Muitos setores da esquerda optaram por evitar fazer qualquer crítica que pudesse questionar diferentes aspectos da candidatura Lula, se resumindo a criticar o governo Bolsonaro, e assumem a mesma postura em relação ao futuro governo. Para tanto, rememora-se, em tom nostálgico, ações dos governos do PT que teriam sido positivas. Contudo, minimizam, ou mesmo procuram esconder, ataques contra os direitos dos trabalhadores perpetrados nos governos de Lula e Dilma, como a Reforma da Previdência. Os governos capitaneados pelos petistas são narrados como um período de conquistas, estabilidade e paz social. Com isso, caberia eleger Lula a qualquer custo, independente do programa ou do arco de alianças, com objetivo de restaurar o pleno funcionamento da democracia burguesa e a estabilidade das instituições do Estado construídas na Nova República.
Os marxistas não podem se confundir com os setores que nutrem ilusões na direção petista ou nos governos do passado. Deve, pelo contrário, explicar as contradições dos governos petistas, que dava migalhas aos trabalhadores enquanto mantinham benesses bilionárias às classes dominantes. Deve-se, igualmente, explicar que a queda de Dilma não se deu como ataque a supostas ações do governo, mas principalmente pelo esgotamento do PT enquanto direção orgânica dos trabalhadores e, portanto, sem mais utilidade para a burguesia no controle das ações do movimento de massas. Deve, igualmente, mostrar que o governo Bolsonaro é produto das ações desastrosas do PT, que, diante da piora na condição das vidas, foi incapaz de se apresentar como alternativa para as lutas e mobilizações dos trabalhadores.

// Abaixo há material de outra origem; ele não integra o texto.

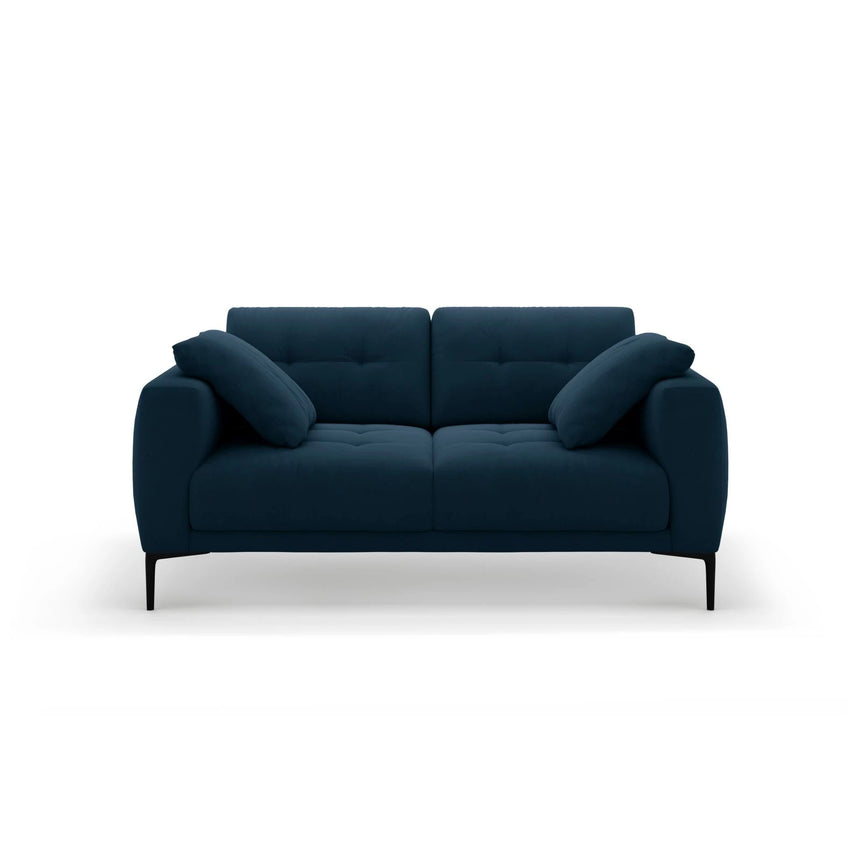 Bemy 2-Sitzer Sofa aus Samt (Salvador 5) in Königsblau, 170x102 cm – Bild 1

Os marxistas estiveram na base dos trabalhadores que levaram à vitória eleitoral de Lula. Contudo, em nenhum momento deixaram de denunciar a colaboração de classes e a defesa da união nacional e da democracia burguesa, mostrando os limites da candidatura Lula. Os marxistas entendem que é sua tarefa lutar pela construção da frente única, enquanto “expressão sincera do desejo de opor à ofensiva burguesa todas as forças da classe operária” (Internacional Comunista, “Tesis sobre la unidad del frente proletario”). Neste momento, o combate principal dos revolucionários passa pelo combate pela independência de classes dos trabalhadores e contra a entrada do PSOL no futuro governo Lula, que se expressa na carta aberta lançada pela Esquerda Marxista.